Em mais um espetáculo de irresponsabilidade orçamentária, o Congresso aprovou o essencial plano de ajuda a estados e municípios apenas após reduzir significativamente a abrangência do congelamento dos salários do funcionalismo —a principal contrapartida para evitar uma piora ainda mais acentuada das contas públicas.
Enquanto milhões de brasileiros perdem seus empregos e um sem número de empresas se encontra à beira da falência, os parlamentares optaram por atender a demandas paroquiais e corporativistas.
Em vez de um congelamento amplo até o fim de 2021, que pouparia R$ 130 bilhões nas contas do Ministério da Economia, abriram-se exceções para diversas categorias, que não se limitaram às diretamente envolvidas no combate ao coronavírus, como se pretendia.
A leniência começou na Câmara dos Deputados, com o beneplácito do Executivo, que privilegiou servidores ligados à segurança e professores, duas das carreiras que mais pesam nos cofres estaduais.
O próprio líder do governo, deputado Victor Hugo (PSL-RJ) afirmou que atendia a uma determinação do presidente Jair Bolsonaro, mais uma vez contra a posição do ministro Paulo Guedes.
Tampouco foi interesse do Senado mostrar austeridade na derradeira votação. Ao final, a poupança esperada caiu a R$ 43 bilhões, insuficientes para cobrir os repasses diretos de R$ 60 bilhões a estados e municípios aprovados no plano.
O estrago se refletiu imediatamente em alta acentuada do dólar e dos juros de longo prazo.
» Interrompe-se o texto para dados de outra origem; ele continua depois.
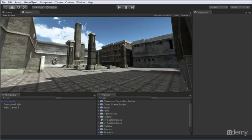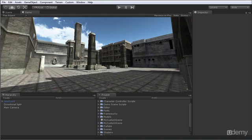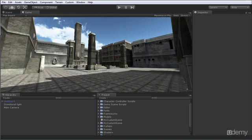Greetings, and welcome to this 3D Motive video course on an introduction to post-processing and debugging with Unity 3.5. I'm Alan Thorn.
Pressionado por Guedes, Bolsonaro agora diz que vai vetar o aumento.
Ao fim e ao cabo, o episódio mostra mais uma vez a total descoordenação política e programática do governo, com erosão adicional da credibilidade da gestão econômica.
O que está novamente em jogo, hoje, é a solvência futura do governo, que parecia melhorar com os graduais ajustes implementados a partir de 2015. Mas o sinal se inverteu com o impacto da crise.
Com todas as necessárias iniciativas para defender a renda dos mais pobres e preservar empregos, o aumento da dívida pública será dramático. Não se descarta que o passivo do governo chegue a 90% do Produto Interno Bruto neste ano, um recorde entre os principais países emergentes.
Imaginar que as cautelas fiscais estão revogadas na pandemia é ilusão perigosa. Posta em prática, prolongará por anos o drama social.